*Task inputs*

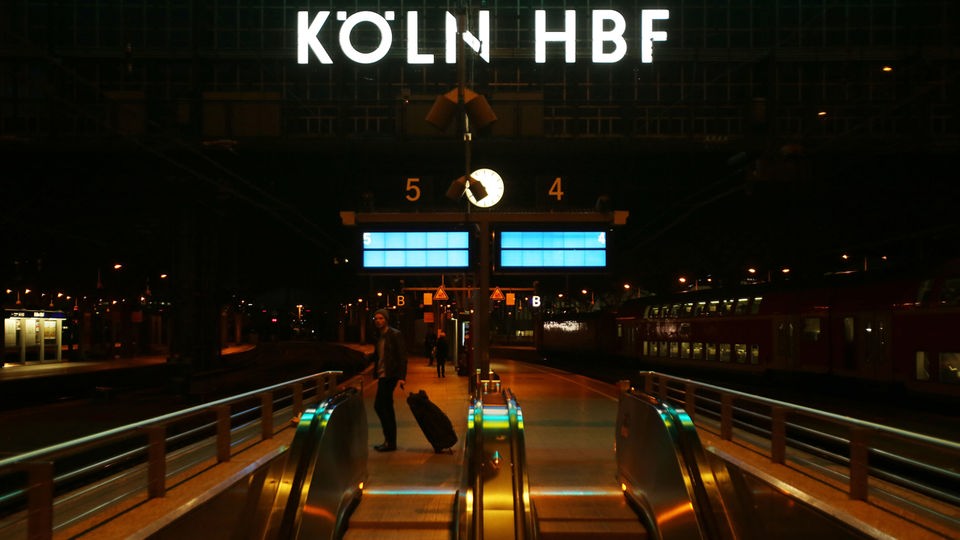 Die Bahnsteige sind  in Köln  im Hauptbahnhof leer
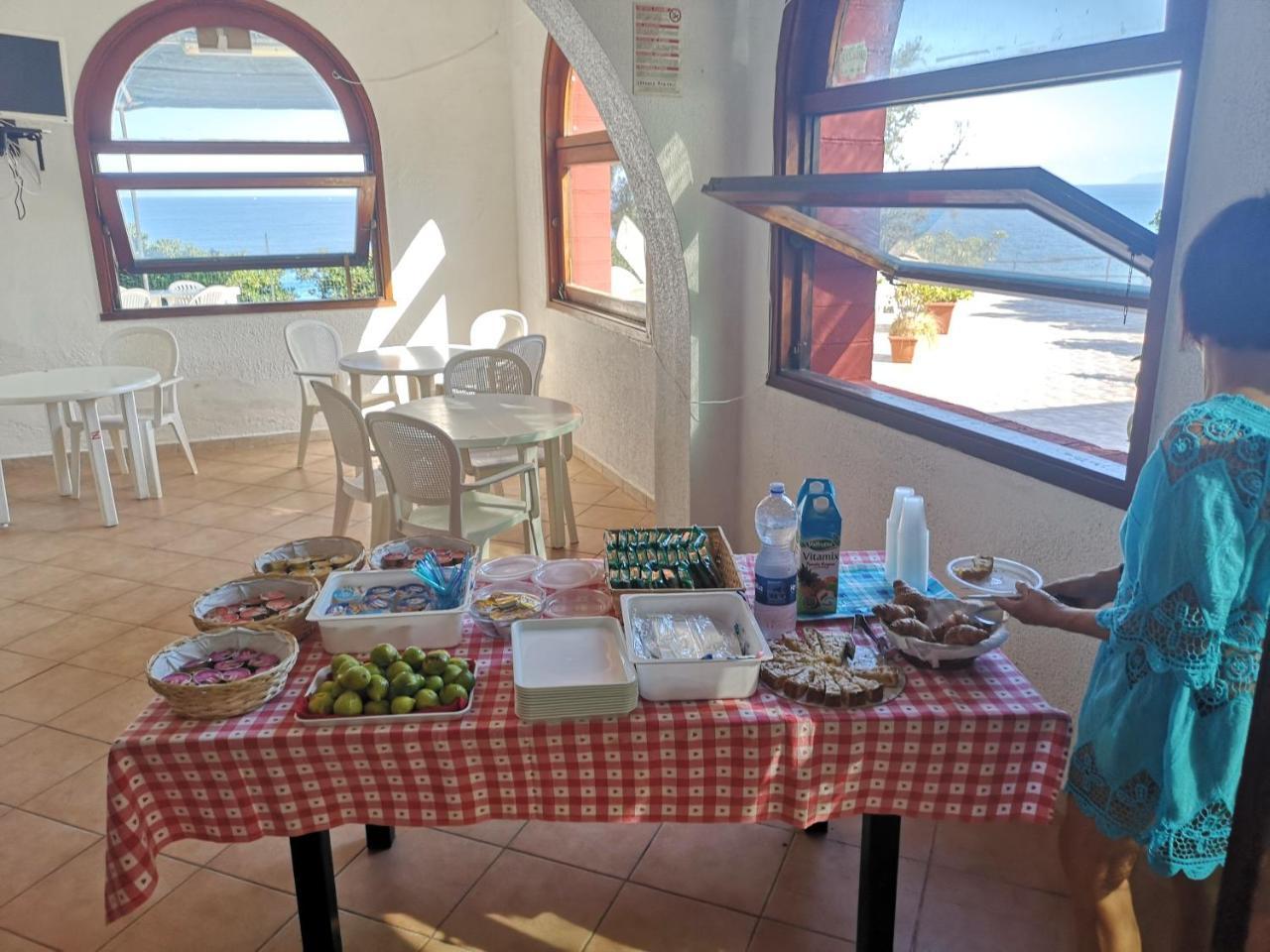 Camping B&B Gioiosa ג'ויוזה מריאה מראה חיצוני תמונה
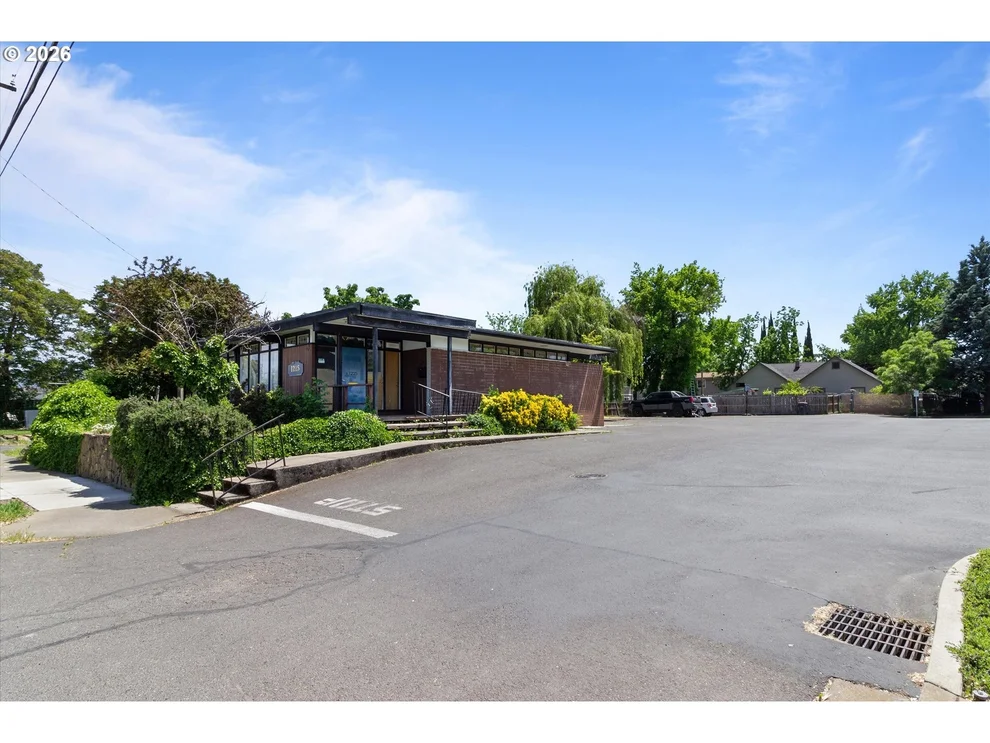 Unit for sale at 1225 W Main ST, Medford, OR 97501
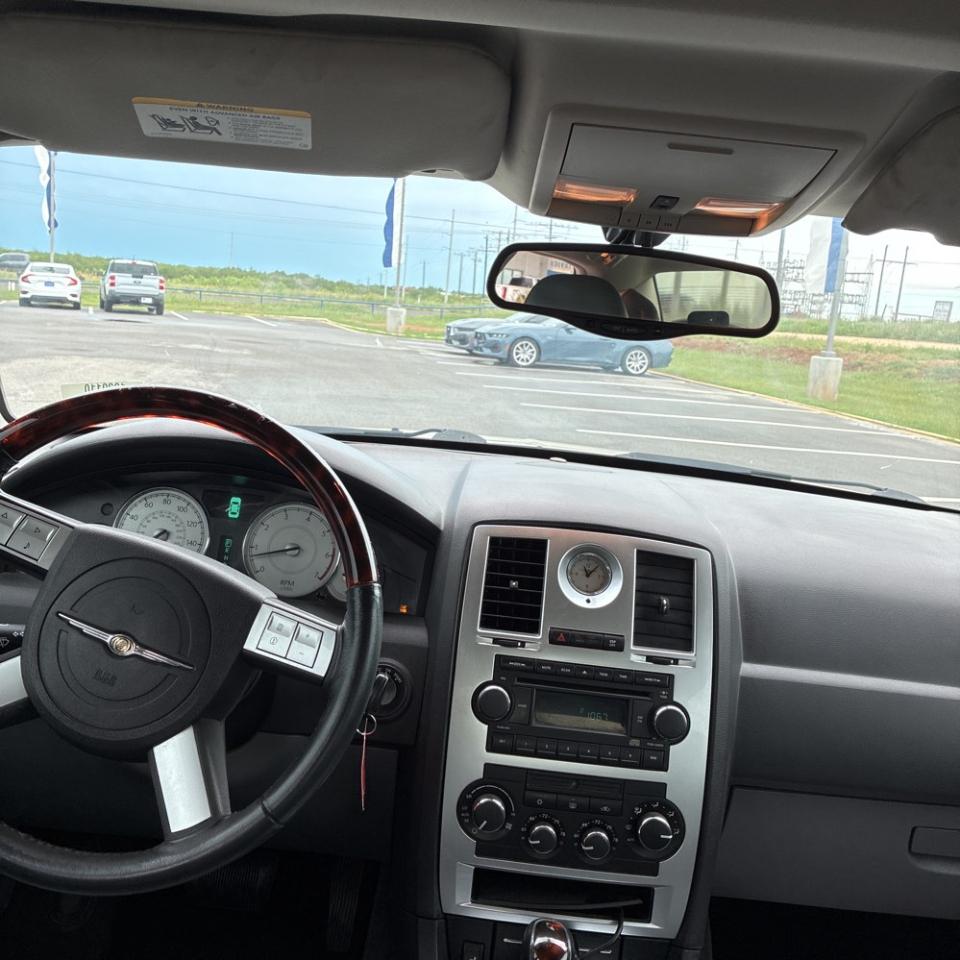 Chrysler 300 4dr Sdn 300C *Ltd Avail* 2005
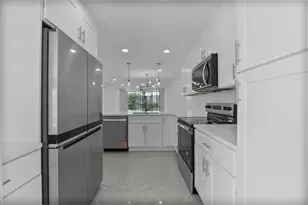 2901 S Palm Aire Dr, Pompano Beach, FL 33069 - Photo 3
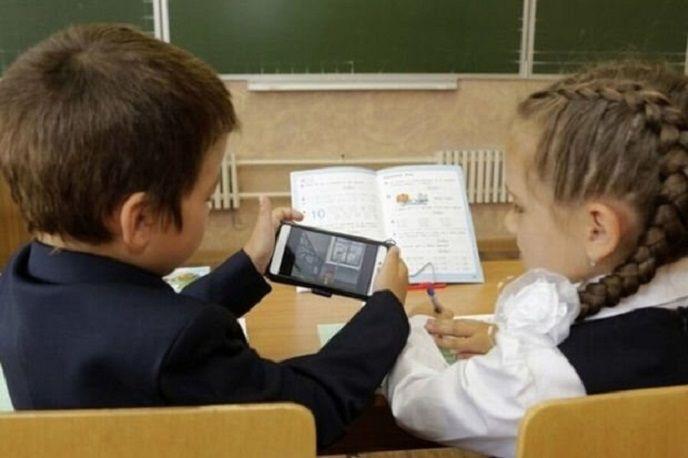 Qonşu ölkə məktəblərdə telefonlardan istifadəyə dair yeni qaydalar TƏTBİQ EDİR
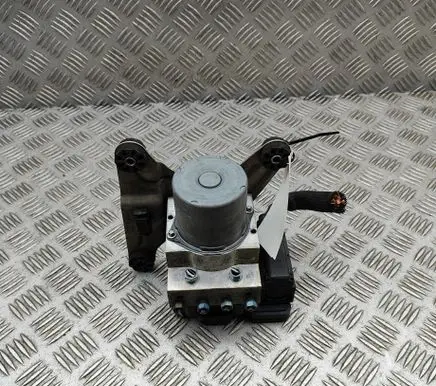 BMW 5 F10 F11 ABS Pump 6797673 6797676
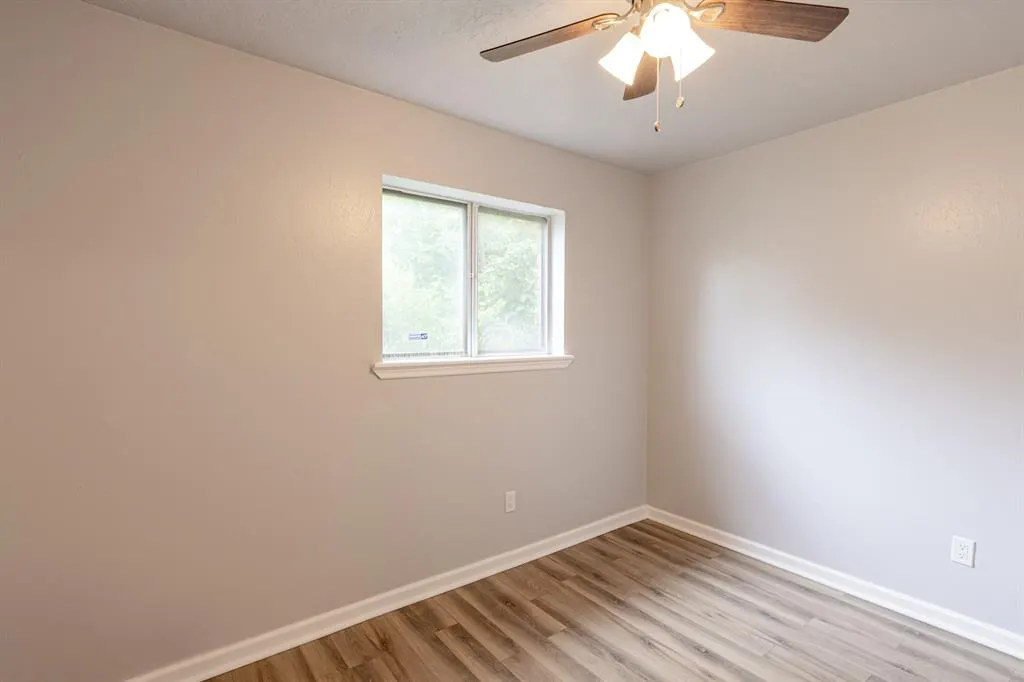 Photo 17 — 2605 Queensbury Road, Moore, OK 73160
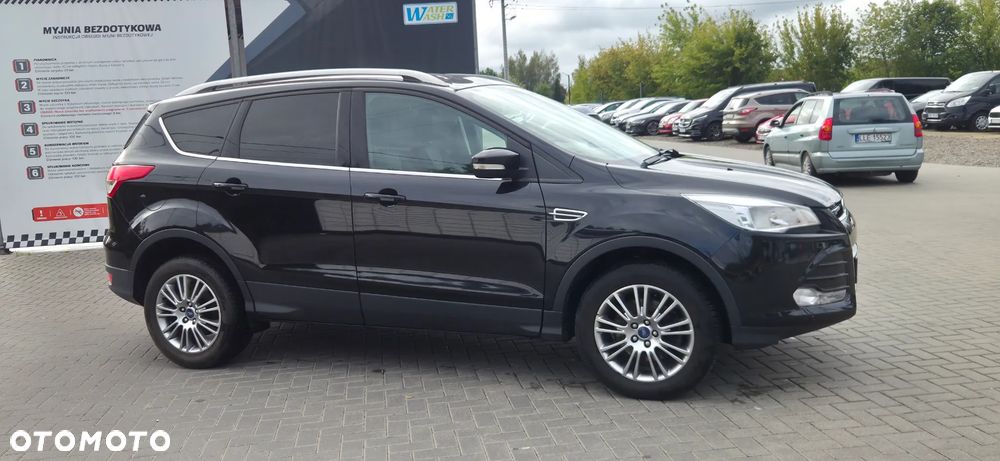 Ford Kuga 2.0 TDCi 2x4 Titanium - 22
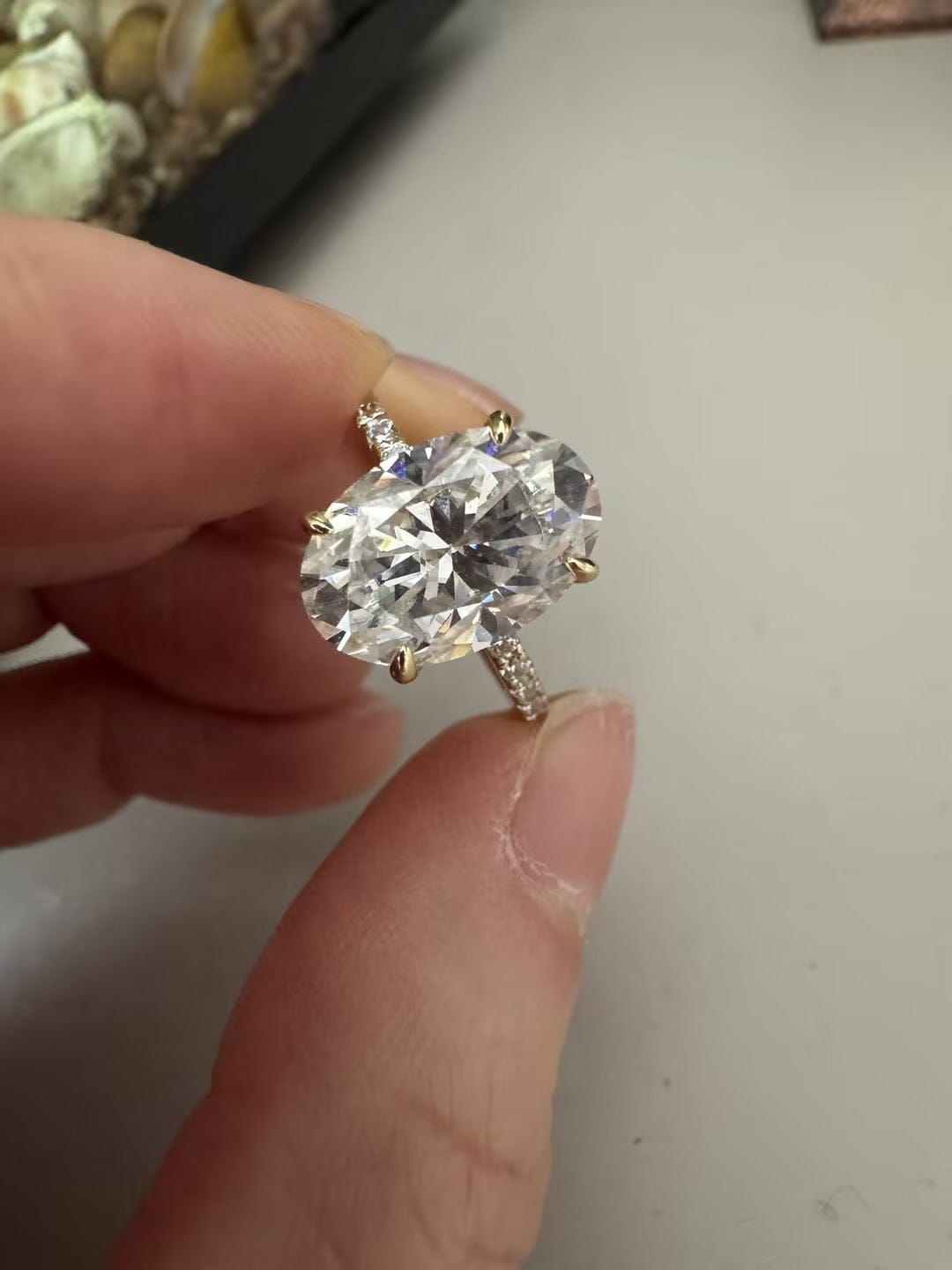 Customer photo review of S925 Moissanite 2.0 Ct ~5.5 Ct Oval Cut Pavé Yellow Gold/White Gold Engagement Ring For Women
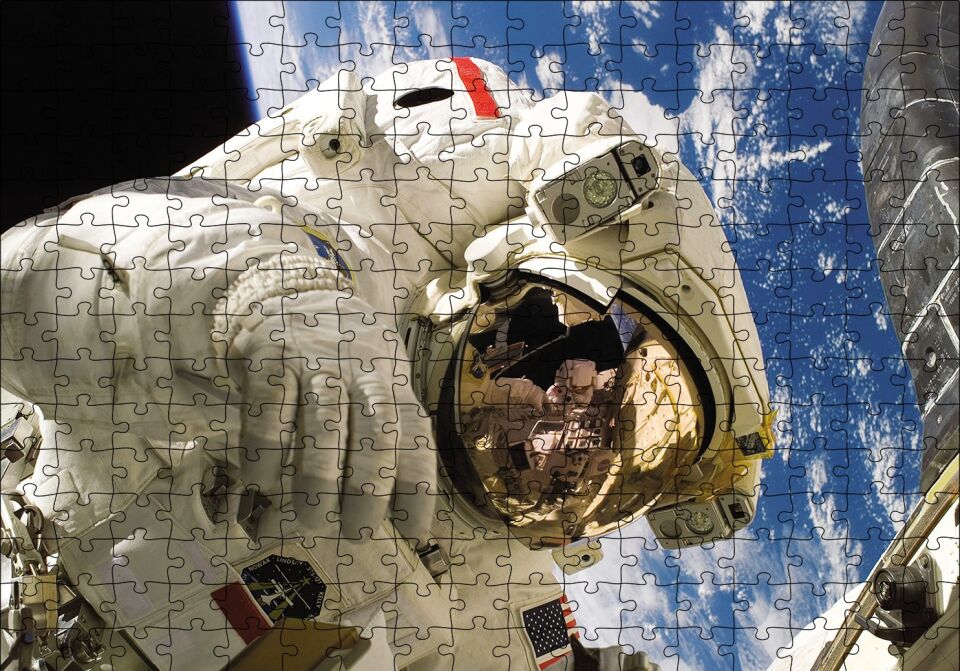 Uzaydaki Astronot Puzzle Yapboz MDF Ahşap 255 Parça 34 cm X 49 cm
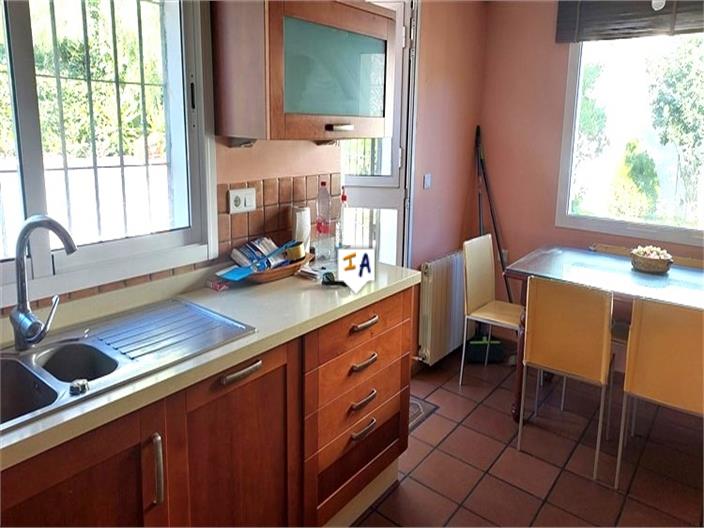 Image No.12-4 Bed House for sale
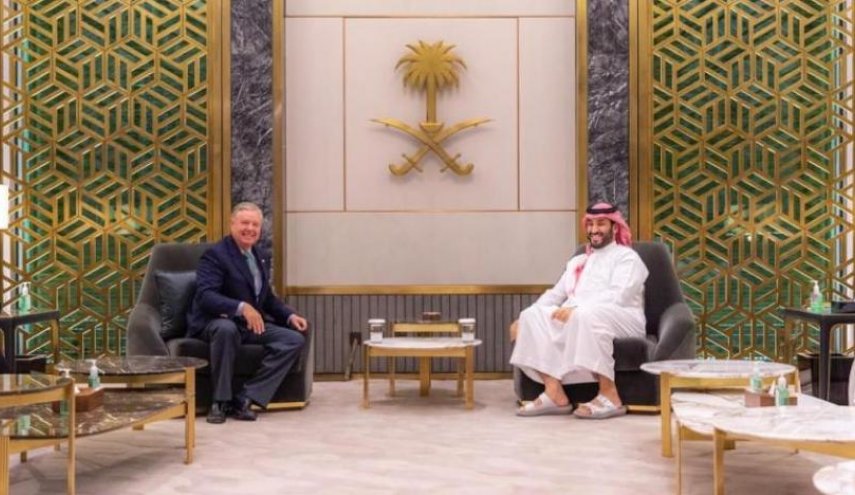 ولي العهد السعودي يجتمع بالسيناتور الأمريكي ليندسي غراهام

*Goal of the exercise*
A faithful copy of the data above is wanted, with every image left out.

*Answer below*
 Die Bahnsteige sind  in Köln  im Hauptbahnhof leer
 Camping B&B Gioiosa ג'ויוזה מריאה מראה חיצוני תמונה
 Unit for sale at 1225 W Main ST, Medford, OR 97501
 Chrysler 300 4dr Sdn 300C *Ltd Avail* 2005
 2901 S Palm Aire Dr, Pompano Beach, FL 33069 - Photo 3
 Qonşu ölkə məktəblərdə telefonlardan istifadəyə dair yeni qaydalar TƏTBİQ EDİR
 BMW 5 F10 F11 ABS Pump 6797673 6797676
 Photo 17 — 2605 Queensbury Road, Moore, OK 73160
 Ford Kuga 2.0 TDCi 2x4 Titanium - 22
 Customer photo review of S925 Moissanite 2.0 Ct ~5.5 Ct Oval Cut Pavé Yellow Gold/White Gold Engagement Ring For Women
 Uzaydaki Astronot Puzzle Yapboz MDF Ahşap 255 Parça 34 cm X 49 cm
 Image No.12-4 Bed House for sale
 ولي العهد السعودي يجتمع بالسيناتور الأمريكي ليندسي غراهام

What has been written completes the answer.